Would you copy exactly the lines in the data below from the one that has "Seat Ibiza 1, 4TDIЕВРО" through the one that has "Map preview of LOG JAM", dropping any pictures?

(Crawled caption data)
▶
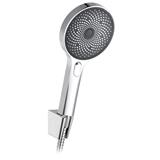 HAND SHOWER SET 3 -FUNCTION KARAT FAUCET KS-43-233-50 CHROME [EXCLUSIVE FROM HOMEPRO THAILAND]
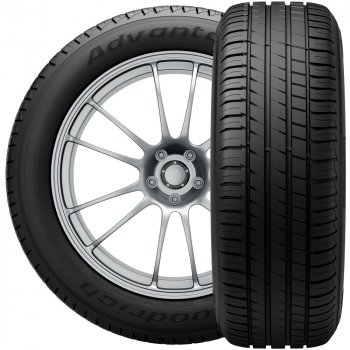 BFGoodrich Advantage 205/55 R16 91V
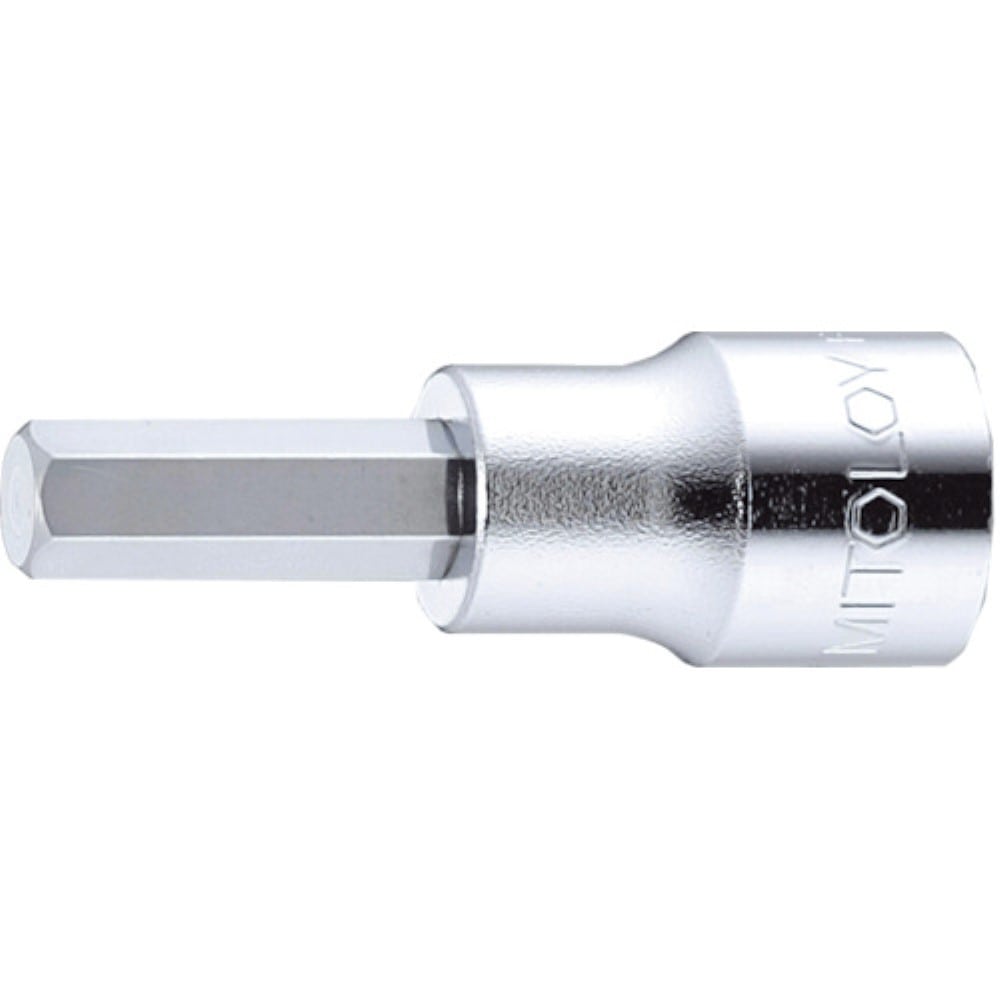 ■ミトロイ　３／８　ヘックスソケット　４ｍｍ　304HT 304HT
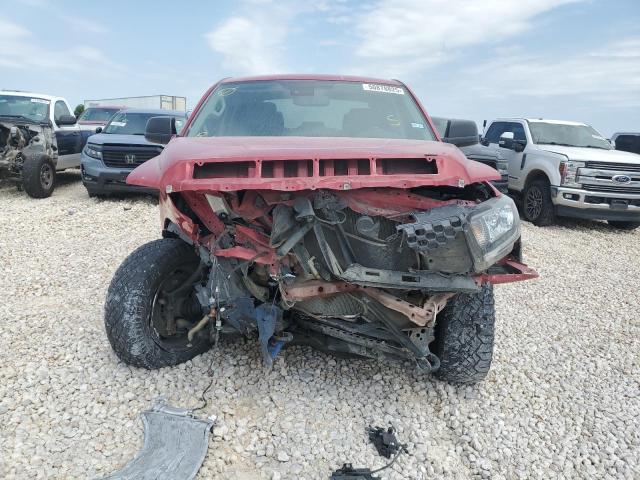  TOYOTA TUNDRA 2020 Red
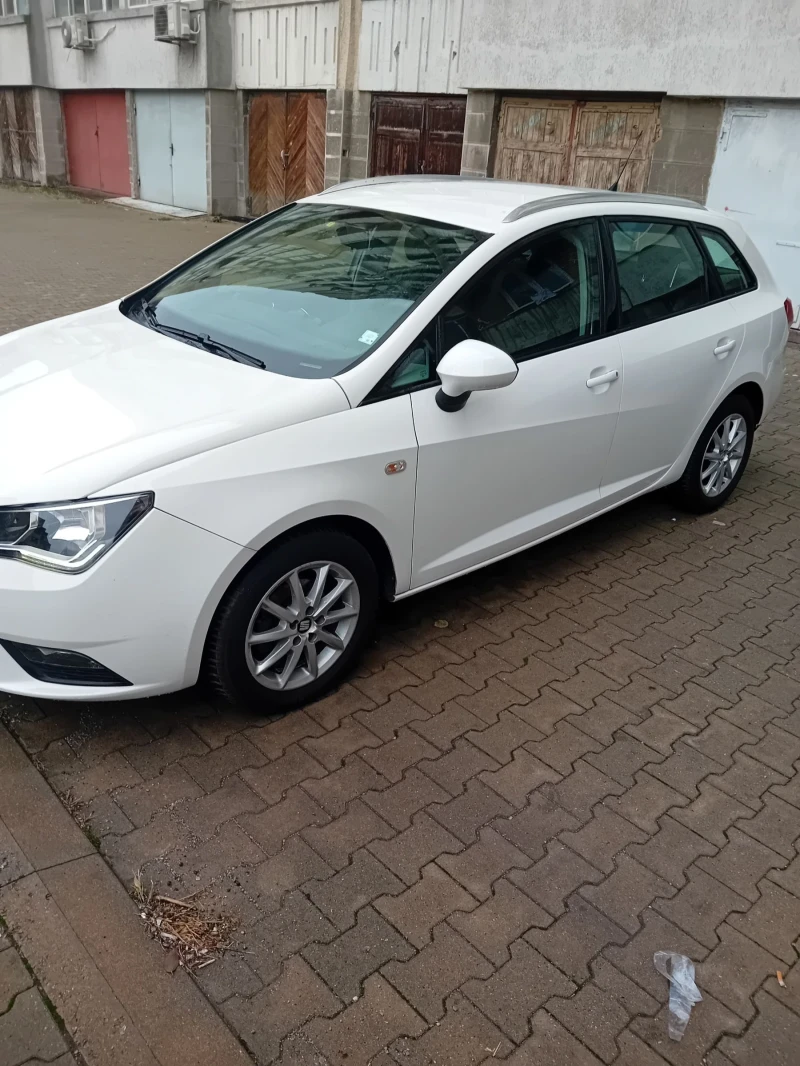 Seat Ibiza 1, 4TDIЕВРО 6В, снимка 4 - Автомобили и джипове - 48693016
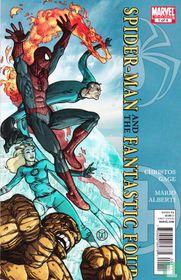 Spider-Man/Fantastic Four 1/4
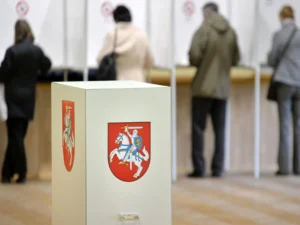 Litvada parlament seçkisi keçirilir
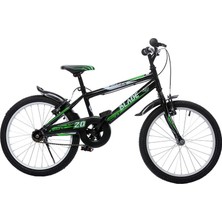 SHIMANO Blade Bigmen 20 Jant Erkek Bisikleti Siyah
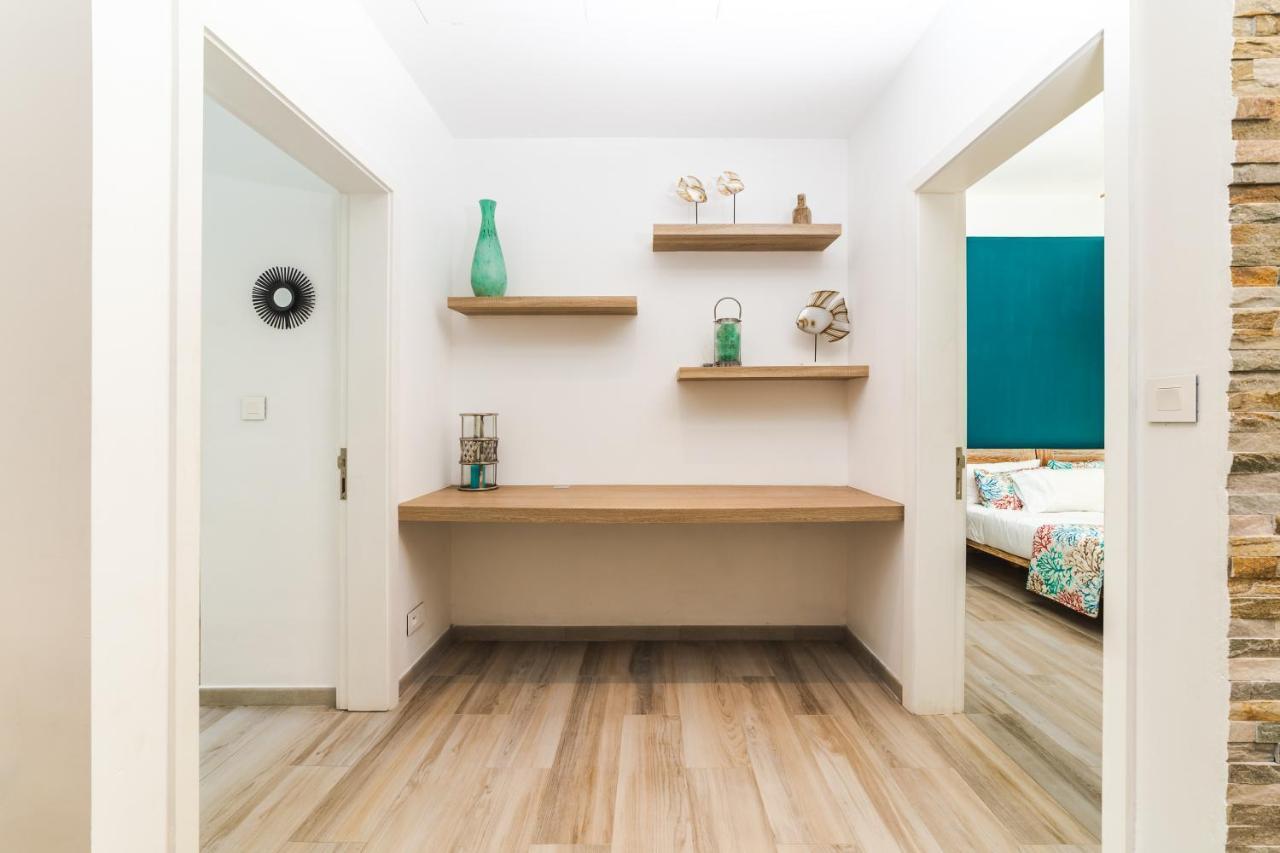 Blue Residences- Ground Floor Two Bedroom Apartment Grand Bay Luaran gambar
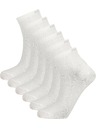 Endurance Unisex Endurance Ibi Quarter Socks Pakiranje od 6 komada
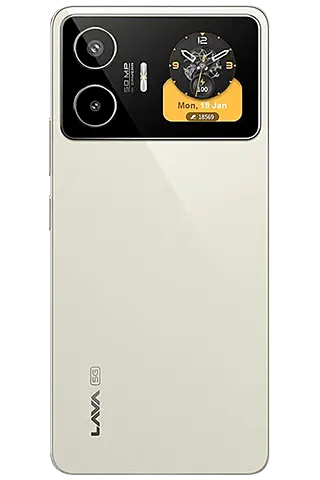 Lava&nbsp;Blaze Duo 3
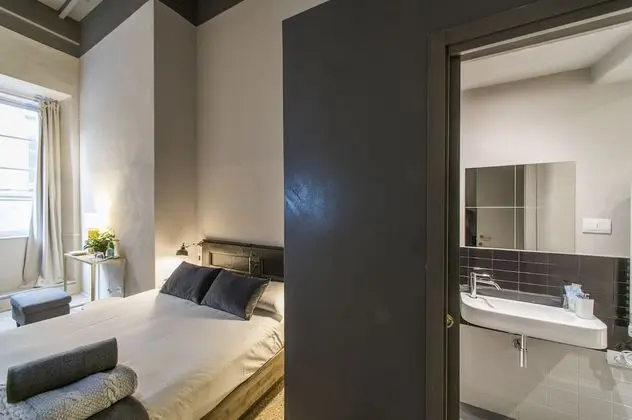 PALAZZO DEL PAPA LUXURY ROOMS - Oda
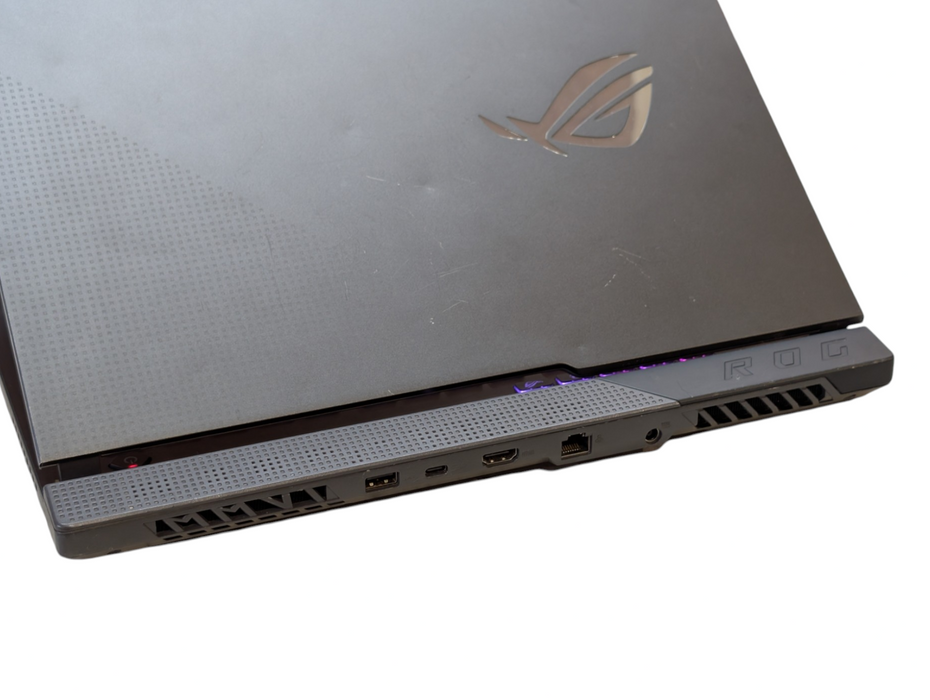 ASUS ROG STRIX G513 QC AMD Ryzen 5 5600H NVIDIA RTX 3050  - Lap200
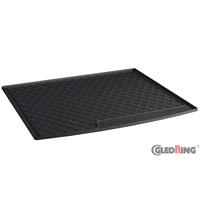 Kofferbakmat voor Audi Q3 (F3B) 2019- (Hoge variable laadvloer)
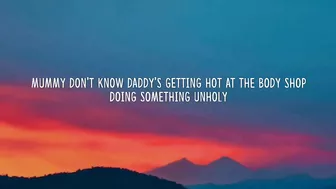 Sam Smith - Unholy (Lyrics) "mommy don't know daddy's getting hot" [TikTok Song]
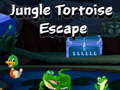 leikur Jungle Tortoise Escape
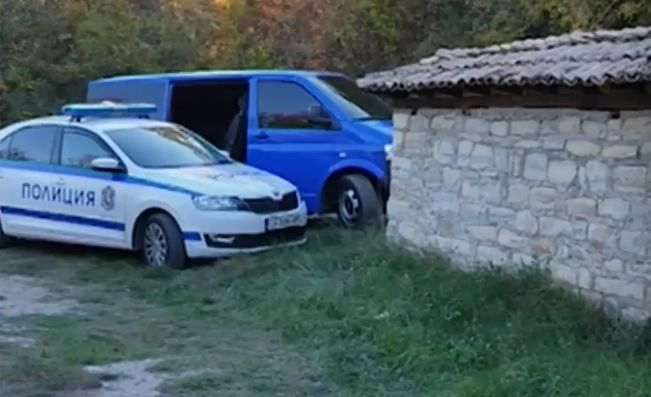 Първа версия за невиждания екшън със заложник и беглец в Стражица ВИДЕО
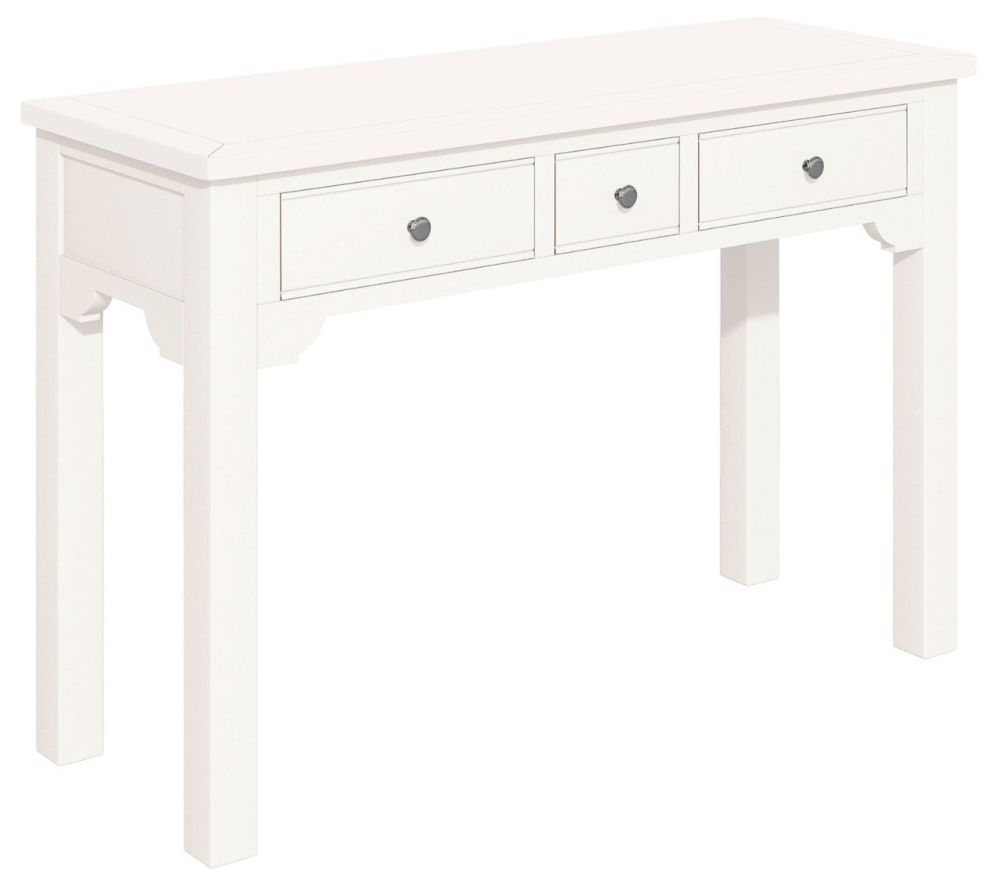 Classic Furniture Lily White Ladies Dressing Table Only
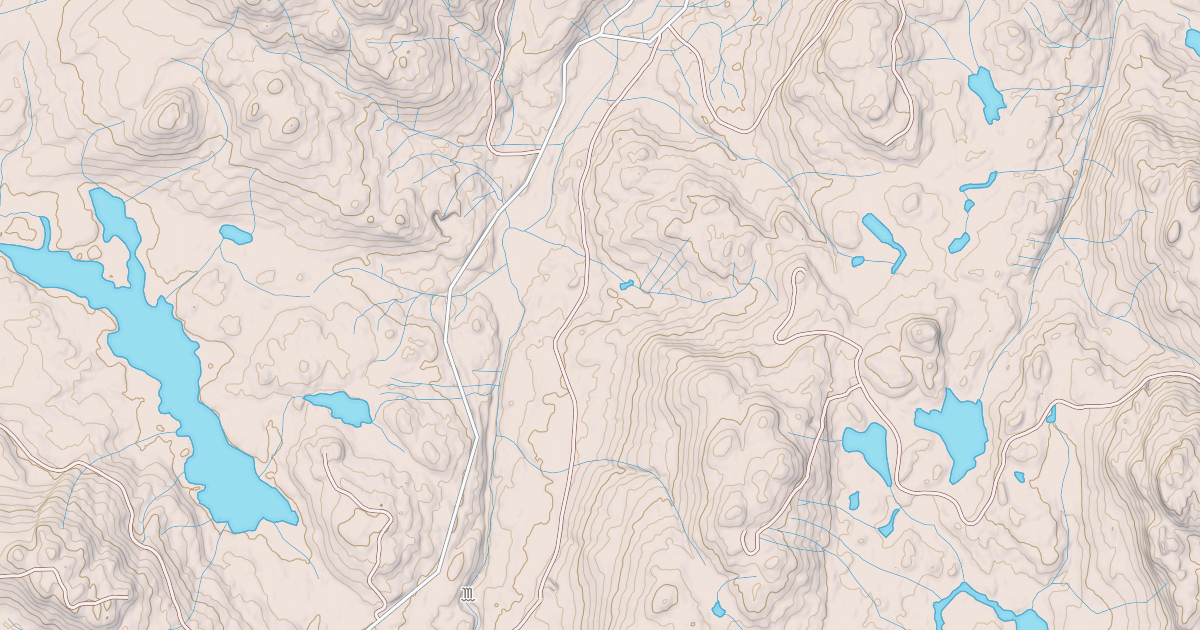 Map preview of LOG JAM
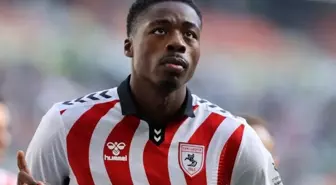 Musaba'nın temsilcisi Fenerbahçe için İstanbul'a geldi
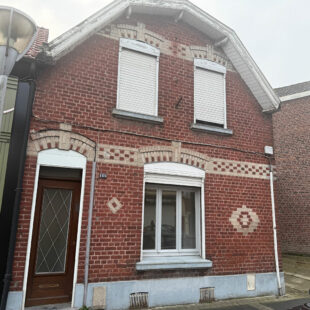 Maison de 47 m² &nbsp;Sous compromis&nbsp;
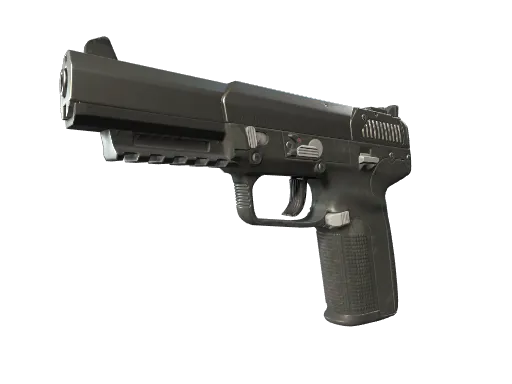 Five-SeveN | Anodized Gunmetal (Minimal Wear)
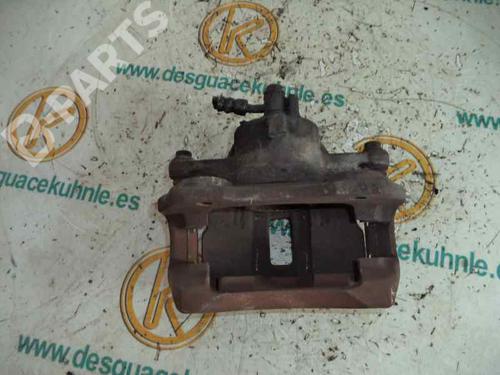 Left front brake caliper NISSAN ALMERA II (N16) 2.2 Di | BP11611808M105 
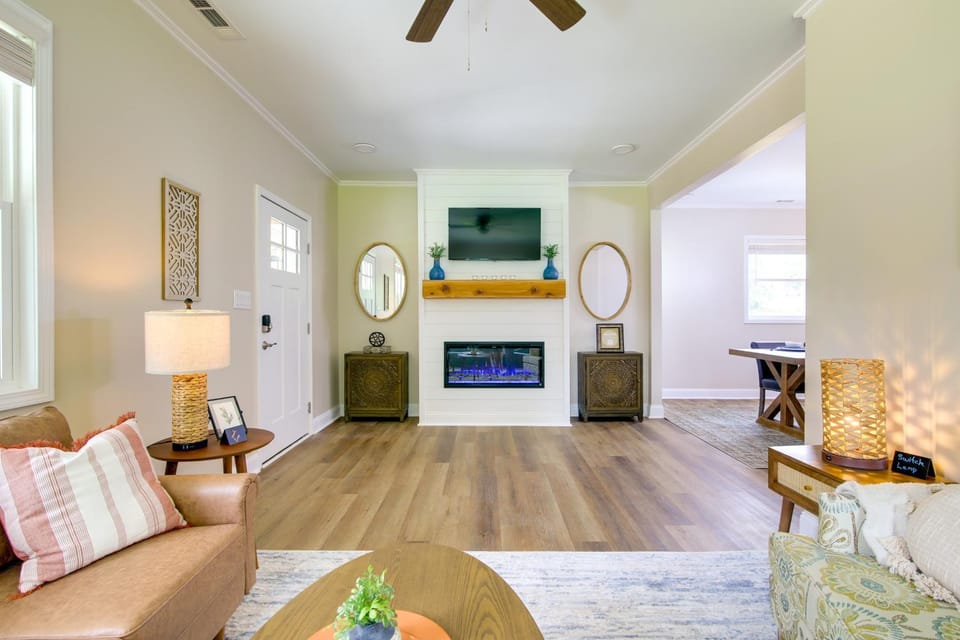 Dog-Friendly Jackson Home Near Downtown Hub! House in Jackson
◀
Finished task.
 Seat Ibiza 1, 4TDIЕВРО 6В, снимка 4 - Автомобили и джипове - 48693016
 Spider-Man/Fantastic Four 1/4
 Litvada parlament seçkisi keçirilir
 SHIMANO Blade Bigmen 20 Jant Erkek Bisikleti Siyah
 Blue Residences- Ground Floor Two Bedroom Apartment Grand Bay Luaran gambar
 Endurance Unisex Endurance Ibi Quarter Socks Pakiranje od 6 komada
 Lava&nbsp;Blaze Duo 3
 PALAZZO DEL PAPA LUXURY ROOMS - Oda
 ASUS ROG STRIX G513 QC AMD Ryzen 5 5600H NVIDIA RTX 3050  - Lap200
 Kofferbakmat voor Audi Q3 (F3B) 2019- (Hoge variable laadvloer)
 Sam Smith - Unholy (Lyrics) "mommy don't know daddy's getting hot" [TikTok Song]
 leikur Jungle Tortoise Escape
 Първа версия за невиждания екшън със заложник и беглец в Стражица ВИДЕО
 Classic Furniture Lily White Ladies Dressing Table Only
 Map preview of LOG JAM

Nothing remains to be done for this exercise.